ABOUT THIS TASK:
Write out the records below from the first line through the line containing "Амортизатор MANDO MSS015141 для OPEL OMEGA", leaving out any pictures.

DATASET CONTENT: Begin

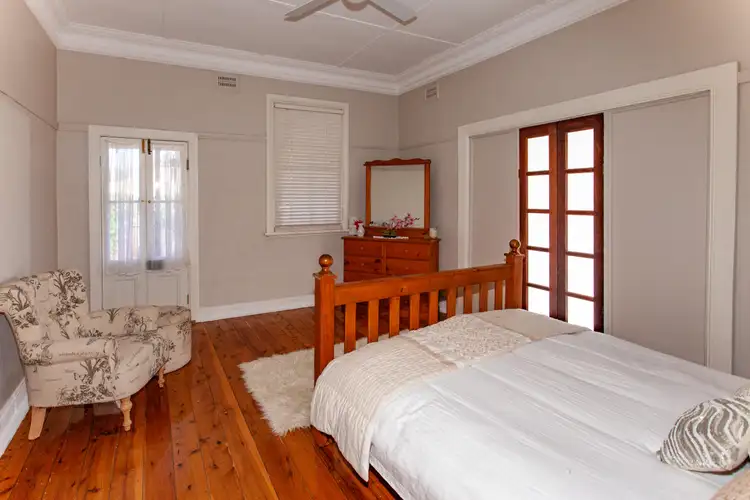Sixth view of Homely house listing, 71-73 Maxwell St, Wellington NSW 2820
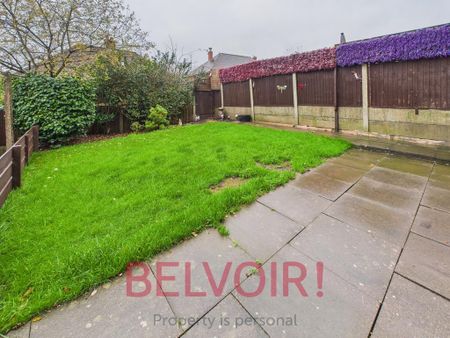 3 bedroom semi-detached house to rent - Photo 5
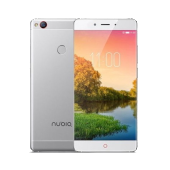 ZTE Nubia Z11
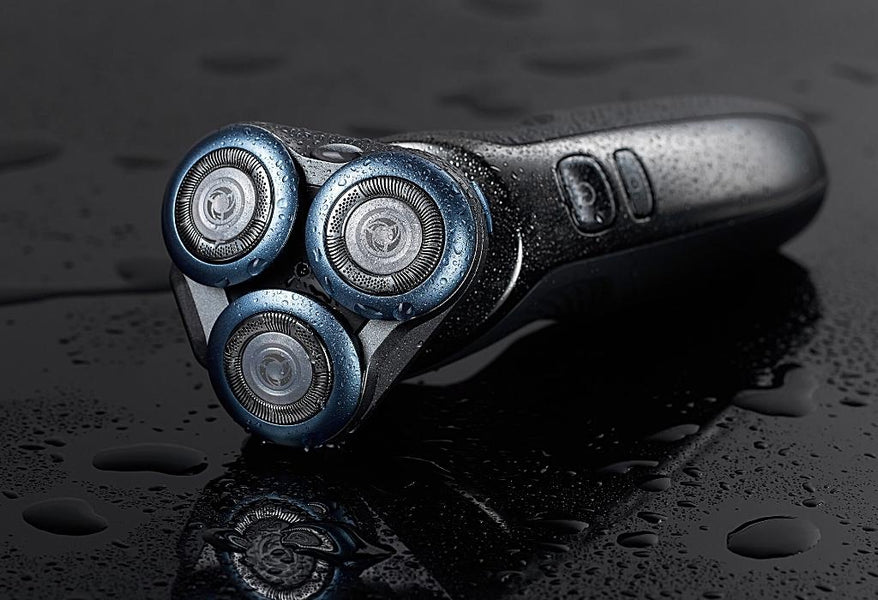 5 Best Electric Razors For Men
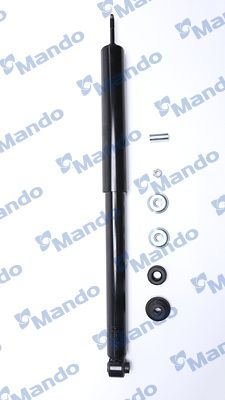 Амортизатор MANDO MSS015141 для OPEL OMEGA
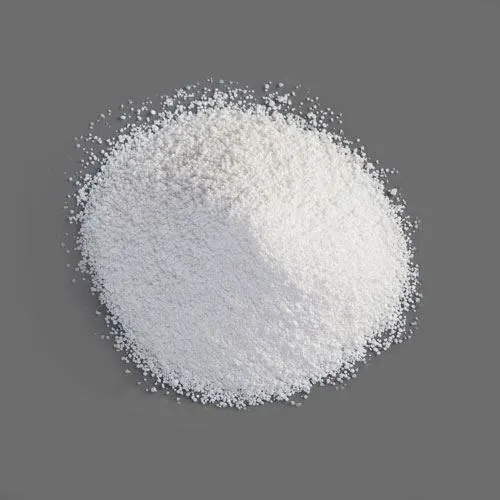 Soda Ash 99.2% Sodium Carbonate Industrial Grade Granules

DATASET CONTENT: End

WRITTEN ANSWER:
Sixth view of Homely house listing, 71-73 Maxwell St, Wellington NSW 2820
 3 bedroom semi-detached house to rent - Photo 5
 ZTE Nubia Z11
 5 Best Electric Razors For Men
 Амортизатор MANDO MSS015141 для OPEL OMEGA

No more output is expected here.